Um dos principais retornos das comunidades de prática para as organizações estaria na
facilitação da aprendizagem e na disseminação de idéias e know-how (Lucena & Melo, 2006, p.3). A
comunidade de prática serviria como um complemento à organização formal para estimular a
mudança, a aprendizagem e a partilha de conhecimentos.
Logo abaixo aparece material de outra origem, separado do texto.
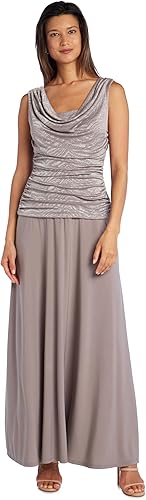 R&M Richards Women's Long Glitter Jacquard Cowl Neck Gown W/Ruched Bodice, V-Bac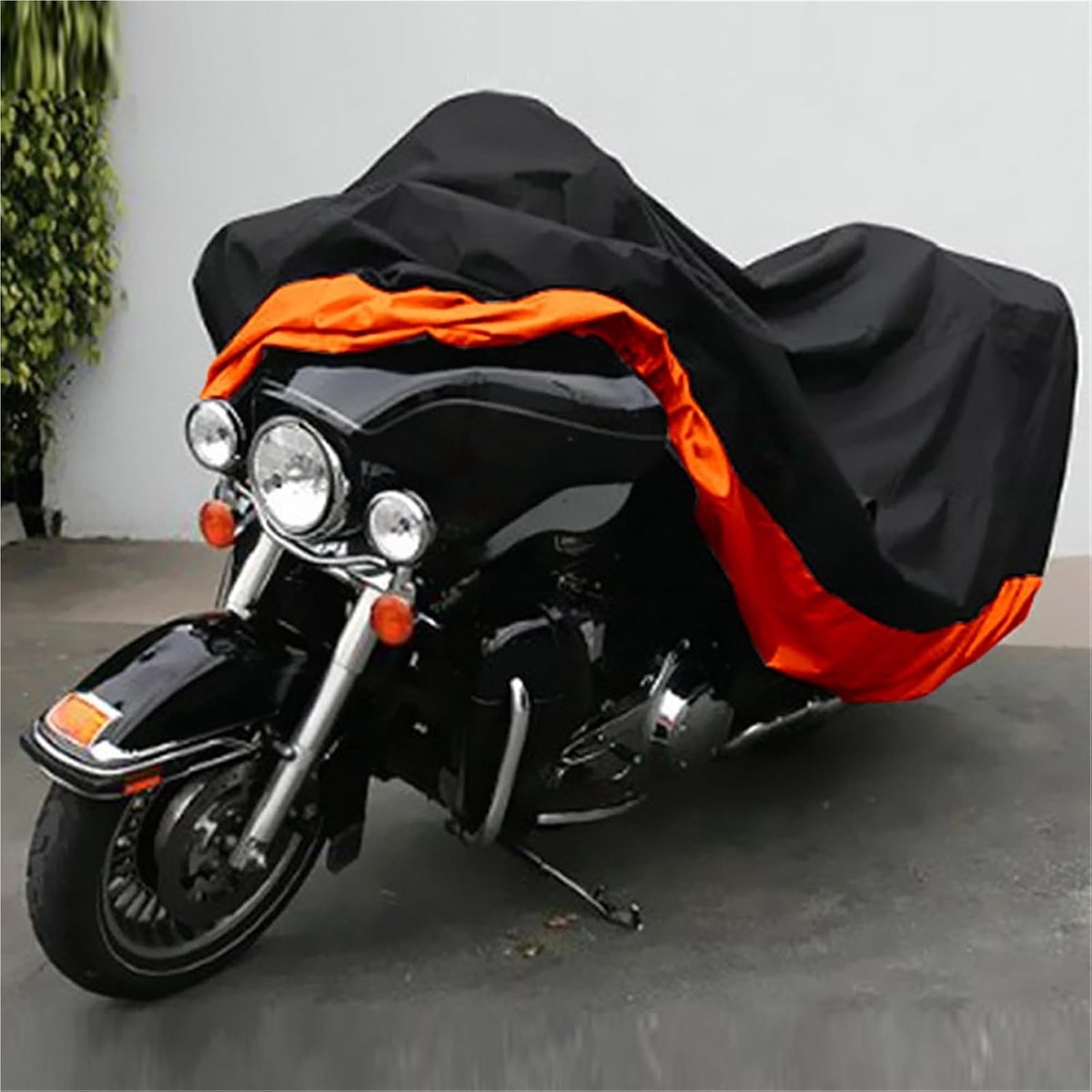 Waterdichte Motorhoes - Motorfiets Cover Beschermhoes - Motor Beschermen - Verstelbare Gespriemen - XXXL-295 x 110 x 140 cm - Zwart/Oranje – foto 2
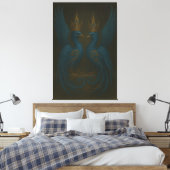 Blue Royal Phoenix Duo · Luxury Canvas Print Leinwanddruck (Insitu (Schlafzimmer))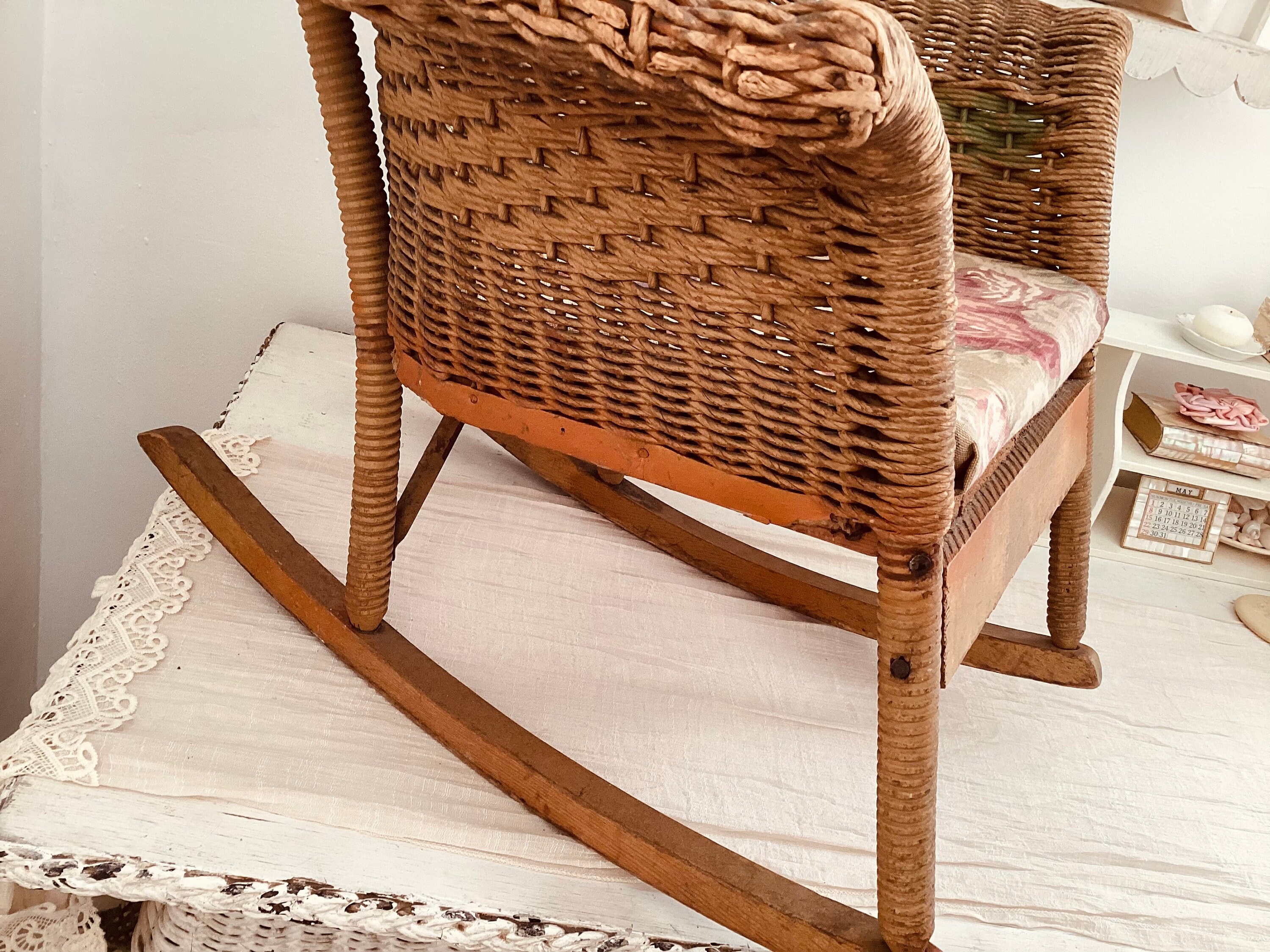 Antique childs wicker rocking chair sales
2.1.1 Delimitação das comunidades de prática
Uma comunidade de prática pode variar, sendo pequena e íntima ou grande o bastante para
requerer subdivisões necessárias para proporcionar participação ativa; durando pouco ou muito
tempo, num período suficiente para o desenvolvimento de uma prática; se estabelecendo local ou
regionalmente, com interações presenciais, ou mesmo internacionalmente, via recursos
telemáticos; com membros de formação educacional homogênea ou heterogênea, sendo a última
então ligada por interesses transversais; localizada dentro ou fora das fronteiras organizacionais,
sejam elas internas ou externas; cultivada ou não pela gestão organizacional, dependendo do seu
grau de informalidade em relação à estrutura da entidade que a abriga (Wenger et al, 2002).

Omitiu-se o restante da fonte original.